Thursday, September 27, 2012

OpenStack Nova Internals – pt2 – Services

This is a long one, so go grab a coffee.

Recently, I was working on a little OpenStack instrumentation problem. Let me tell you about it.

"You can't manage what you can't measure." is how the old saying goes. Certainly no greater truth than trying to increase software performance. This is what I was tasked with ... measuring OpenStack performance.

As I mentioned in Part 1, OpenStack uses Rabbit MQ to send messages between services (a service being an OpenStack Nova component like scheduler, compute, network, api, etc.)

I could already measure times from the client perspective using novaclient's --timings option. I could measure times inside a service using tach, which could be sent up to statsd or graphite. But there's another black hole that calls could go in ... Rabbit itself. As I mentioned, we stuff an RPC call on the queue and the related service picks it up and handles it. As every admin knows, if the processing service (the "worker") is too slow, the queues can grow quite large. We need to track that.

For our RPC calls, the "inflight" time is pretty simple on the surface:

Total Call Time = Time in Queue + Time in Service (+ Time in Queue for the response on a two-way call)

We could certainly monitor the message rate in rabbit and look for the change in processing speed, but we can get more information by injecting a real message in the system. For a normal production system you'd certainly want to watch both. Ideally, we can find out what the cause of the slow down is, or at least get some hints.

So, I thought I'd write a little utility program to inject a ping()-like message into the queue and send it to each service (you'll see why in a bit). We'll record the most basic information:
1. Time to the service
2. Time from the service

But non-HTTP OpenStack services are built on eventlet which, as I mentioned before, is a sync library. While these libraries make programming easier by eliminating most classic thread/locking problems, the downside is that the number of greenthreads can grow. And a call can get held up when the number of greenthreads grows. Most nova services are pretty light weight, but some have to make HTTP or out-of-process binary calls to get the work done.

For example,
  • the network service may have to talk to the switch, 
  • the compute node may have to talk to a busy hypervisor or 
  • the image service might be slow. 
The services have to be able to handle this rush of calls.

Can we track that?

The most basic way would be to run a time.sleep(1) call, during which eventlet will just pass control to another greenthread and revisit it later. But what if eventlet is busy due to a lot of greenthreads? Our 1 second call will take longer. That's our overhead. (Later, we can talk to eventlet directly and ask how many greenthreads are active. But that's another post.)

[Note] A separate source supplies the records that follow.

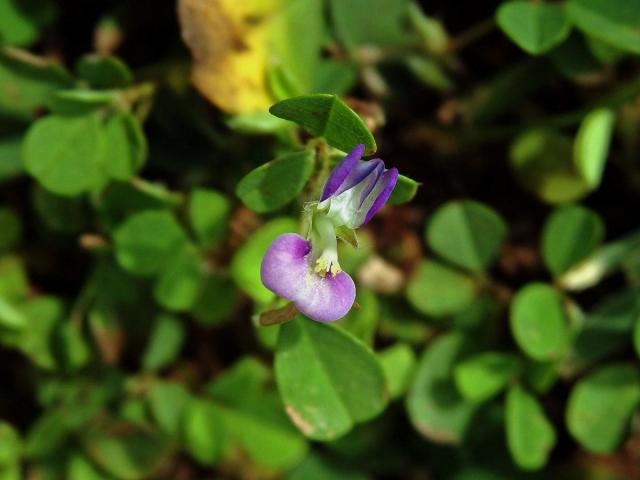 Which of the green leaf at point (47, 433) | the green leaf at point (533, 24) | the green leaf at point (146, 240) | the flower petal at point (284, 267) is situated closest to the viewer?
the flower petal at point (284, 267)

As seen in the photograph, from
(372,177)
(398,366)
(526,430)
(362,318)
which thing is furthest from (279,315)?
(526,430)

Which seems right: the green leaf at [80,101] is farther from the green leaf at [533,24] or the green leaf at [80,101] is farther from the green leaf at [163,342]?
the green leaf at [533,24]

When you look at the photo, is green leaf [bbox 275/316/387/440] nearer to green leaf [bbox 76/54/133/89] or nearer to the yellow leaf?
the yellow leaf

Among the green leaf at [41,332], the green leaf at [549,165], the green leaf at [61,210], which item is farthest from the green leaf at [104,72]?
the green leaf at [549,165]

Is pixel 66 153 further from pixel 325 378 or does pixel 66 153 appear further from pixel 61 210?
pixel 325 378

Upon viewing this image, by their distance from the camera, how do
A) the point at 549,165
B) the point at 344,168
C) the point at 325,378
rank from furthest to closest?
the point at 549,165 < the point at 325,378 < the point at 344,168

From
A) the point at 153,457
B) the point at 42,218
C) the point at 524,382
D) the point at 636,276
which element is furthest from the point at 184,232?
the point at 636,276

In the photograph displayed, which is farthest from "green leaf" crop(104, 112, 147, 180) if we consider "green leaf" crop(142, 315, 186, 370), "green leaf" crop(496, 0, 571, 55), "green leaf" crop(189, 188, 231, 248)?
"green leaf" crop(496, 0, 571, 55) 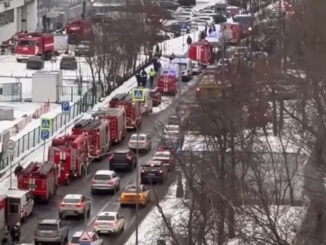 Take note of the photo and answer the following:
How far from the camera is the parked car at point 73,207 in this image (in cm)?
2383

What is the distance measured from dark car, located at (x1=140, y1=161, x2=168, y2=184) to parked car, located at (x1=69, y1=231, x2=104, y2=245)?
5.09m

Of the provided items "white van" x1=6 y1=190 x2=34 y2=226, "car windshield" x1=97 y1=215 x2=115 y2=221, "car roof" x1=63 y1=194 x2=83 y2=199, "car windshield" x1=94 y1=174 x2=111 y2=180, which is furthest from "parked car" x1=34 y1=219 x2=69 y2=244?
"car windshield" x1=94 y1=174 x2=111 y2=180

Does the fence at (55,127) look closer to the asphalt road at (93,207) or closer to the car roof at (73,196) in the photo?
the asphalt road at (93,207)

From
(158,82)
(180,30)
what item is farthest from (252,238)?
(180,30)

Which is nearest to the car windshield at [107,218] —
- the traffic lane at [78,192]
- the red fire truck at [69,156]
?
the traffic lane at [78,192]

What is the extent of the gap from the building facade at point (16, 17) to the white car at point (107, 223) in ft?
110

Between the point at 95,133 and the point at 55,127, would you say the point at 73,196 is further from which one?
the point at 55,127

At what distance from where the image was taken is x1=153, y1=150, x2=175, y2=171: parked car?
91.6 ft

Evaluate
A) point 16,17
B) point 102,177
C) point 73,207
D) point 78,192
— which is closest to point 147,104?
point 102,177

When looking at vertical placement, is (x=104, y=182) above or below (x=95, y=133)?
below

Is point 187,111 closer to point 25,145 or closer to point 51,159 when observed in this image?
point 51,159

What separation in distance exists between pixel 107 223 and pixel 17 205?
6.86 ft

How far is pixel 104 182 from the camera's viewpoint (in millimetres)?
26156

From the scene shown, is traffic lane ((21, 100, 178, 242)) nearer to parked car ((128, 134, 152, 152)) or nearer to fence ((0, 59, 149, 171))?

That was the plan ... so how to implement this? Here were my requirements:
  • I want something that can get a list of all active / enabled services and ping them. But that means I need to put a ping() method in every service in OpenStack Nova. Where should that live? 
  • Also, this program is going to run a long time, so I'd like to leverage existing service deployment and process control scripts (puppet/chef/etc). 
  • I'd like to reuse the Nova RPC library rather than duplicate that effort. 
  • But I also need to talk to the database ... can I reuse the Nova DB library? 
  • This is all going to require a configuration file to set up ... could I reuse the Nova configuration mechanism? 
  • I'll need unit tests. Nova has a very nice testing framework that integrates nicely with the continuous integration / code review system. The mechanism will have to change as Nova changes. I don't want to have to wait from the users that the protocols are out of sync (in Nova, the API is strictly versioned, but the RPC protocol is only loosely versioned).
Perhaps just writing a utility program isn't the correct approach. Perhaps I should make this another Nova service.

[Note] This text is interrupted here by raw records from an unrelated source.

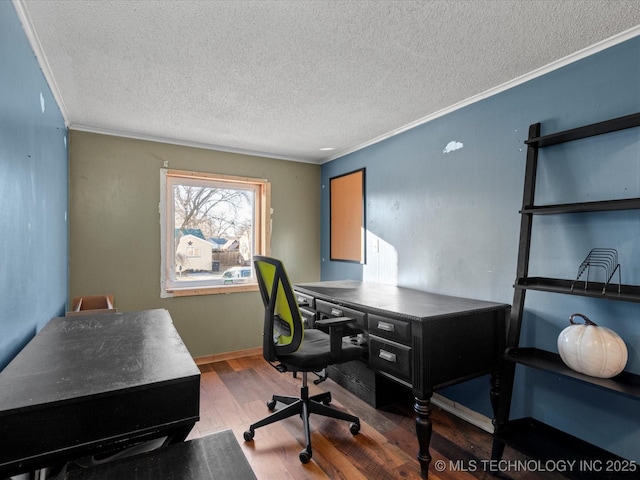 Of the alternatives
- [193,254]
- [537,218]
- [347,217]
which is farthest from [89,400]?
[347,217]

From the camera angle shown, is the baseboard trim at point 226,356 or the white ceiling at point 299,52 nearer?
the white ceiling at point 299,52

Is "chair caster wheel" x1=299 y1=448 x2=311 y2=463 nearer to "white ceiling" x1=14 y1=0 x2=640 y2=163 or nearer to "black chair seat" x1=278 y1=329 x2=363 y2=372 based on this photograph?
"black chair seat" x1=278 y1=329 x2=363 y2=372

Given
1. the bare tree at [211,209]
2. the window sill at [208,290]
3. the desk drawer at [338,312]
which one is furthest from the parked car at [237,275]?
the desk drawer at [338,312]

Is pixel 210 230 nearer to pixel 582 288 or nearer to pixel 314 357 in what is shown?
pixel 314 357

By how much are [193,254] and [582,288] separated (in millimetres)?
3148

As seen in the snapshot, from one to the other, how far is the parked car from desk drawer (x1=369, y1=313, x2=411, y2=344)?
2068 mm

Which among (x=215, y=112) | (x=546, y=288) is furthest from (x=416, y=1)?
(x=215, y=112)

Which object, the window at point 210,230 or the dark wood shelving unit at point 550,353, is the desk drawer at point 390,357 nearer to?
the dark wood shelving unit at point 550,353

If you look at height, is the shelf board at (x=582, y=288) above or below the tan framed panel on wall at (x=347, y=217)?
below

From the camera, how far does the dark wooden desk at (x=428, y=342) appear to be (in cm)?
175

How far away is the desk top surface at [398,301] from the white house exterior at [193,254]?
1186 millimetres

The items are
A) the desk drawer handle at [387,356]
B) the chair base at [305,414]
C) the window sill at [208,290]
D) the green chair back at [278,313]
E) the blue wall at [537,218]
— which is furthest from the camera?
the window sill at [208,290]

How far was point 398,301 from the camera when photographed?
2.24 meters

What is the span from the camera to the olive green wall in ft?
9.64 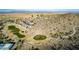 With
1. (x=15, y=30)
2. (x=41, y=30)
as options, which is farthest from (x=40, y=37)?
(x=15, y=30)

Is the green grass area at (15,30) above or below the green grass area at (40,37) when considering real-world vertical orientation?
above

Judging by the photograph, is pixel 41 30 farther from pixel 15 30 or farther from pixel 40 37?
pixel 15 30

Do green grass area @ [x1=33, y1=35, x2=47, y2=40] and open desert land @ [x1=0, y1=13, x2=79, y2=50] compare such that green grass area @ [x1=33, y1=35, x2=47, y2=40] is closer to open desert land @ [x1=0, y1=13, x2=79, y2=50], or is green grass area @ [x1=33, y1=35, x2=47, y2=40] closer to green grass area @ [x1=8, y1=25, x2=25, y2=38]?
open desert land @ [x1=0, y1=13, x2=79, y2=50]

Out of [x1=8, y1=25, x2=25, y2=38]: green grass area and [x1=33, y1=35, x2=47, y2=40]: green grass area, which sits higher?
[x1=8, y1=25, x2=25, y2=38]: green grass area

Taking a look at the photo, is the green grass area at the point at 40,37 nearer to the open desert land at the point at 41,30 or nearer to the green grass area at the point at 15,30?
the open desert land at the point at 41,30

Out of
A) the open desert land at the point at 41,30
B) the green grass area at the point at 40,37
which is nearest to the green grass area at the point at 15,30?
the open desert land at the point at 41,30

Perhaps I can bite off more than I can chew and try to get this accepted as a core service? If not, I'll refactor and pull it out as an optional external service.

Also, since the service is so simple I thought it would make for a good "how to" post ... so here we are!

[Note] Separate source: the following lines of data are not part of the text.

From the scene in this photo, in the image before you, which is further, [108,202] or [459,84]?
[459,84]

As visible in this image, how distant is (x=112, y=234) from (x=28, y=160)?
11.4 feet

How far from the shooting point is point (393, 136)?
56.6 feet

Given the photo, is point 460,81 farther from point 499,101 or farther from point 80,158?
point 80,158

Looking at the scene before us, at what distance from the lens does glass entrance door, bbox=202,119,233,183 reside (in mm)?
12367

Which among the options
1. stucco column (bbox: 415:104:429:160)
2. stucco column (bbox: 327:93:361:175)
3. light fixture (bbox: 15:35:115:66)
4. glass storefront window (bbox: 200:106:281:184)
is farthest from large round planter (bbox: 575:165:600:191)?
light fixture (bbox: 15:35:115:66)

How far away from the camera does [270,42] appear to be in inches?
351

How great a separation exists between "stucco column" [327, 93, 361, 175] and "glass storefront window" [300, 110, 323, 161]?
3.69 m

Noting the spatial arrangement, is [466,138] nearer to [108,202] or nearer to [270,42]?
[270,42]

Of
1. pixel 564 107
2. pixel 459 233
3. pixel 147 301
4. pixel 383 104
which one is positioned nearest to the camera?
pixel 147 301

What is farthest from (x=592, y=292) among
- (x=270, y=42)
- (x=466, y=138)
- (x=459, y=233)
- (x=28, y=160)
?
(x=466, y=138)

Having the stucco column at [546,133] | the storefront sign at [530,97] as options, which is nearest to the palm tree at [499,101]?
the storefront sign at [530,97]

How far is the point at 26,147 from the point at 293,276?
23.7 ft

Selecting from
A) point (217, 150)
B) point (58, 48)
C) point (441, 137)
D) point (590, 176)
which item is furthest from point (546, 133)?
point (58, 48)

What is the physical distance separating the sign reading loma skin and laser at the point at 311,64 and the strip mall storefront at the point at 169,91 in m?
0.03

Alright, enough chat ... how do we do that?

Let's start with the launcher. The ./bin file that going to fire this puppy up. We're not an HTTP service, we don't need paste or auth or any of that stuff. We just need to get our configuration and spin up eventlet. Just look at the launcher for the compute node https://github.com/openstack/nova/blob/master/bin/nova-compute

Pretty simple: load stuff, load stuff, load stuff ... we're "main" so parse the args, configure logging, place our monkey patches (another time :), create the service, make it available, pump the events until we die.

Of course, the magic line is service.Service.create(binary='nova-compute'). Something funky is going on there. Somehow that thing is finding the implementation for the compute service. Let's look at the ./nova/service.py create() method. Yes, that's magic in there.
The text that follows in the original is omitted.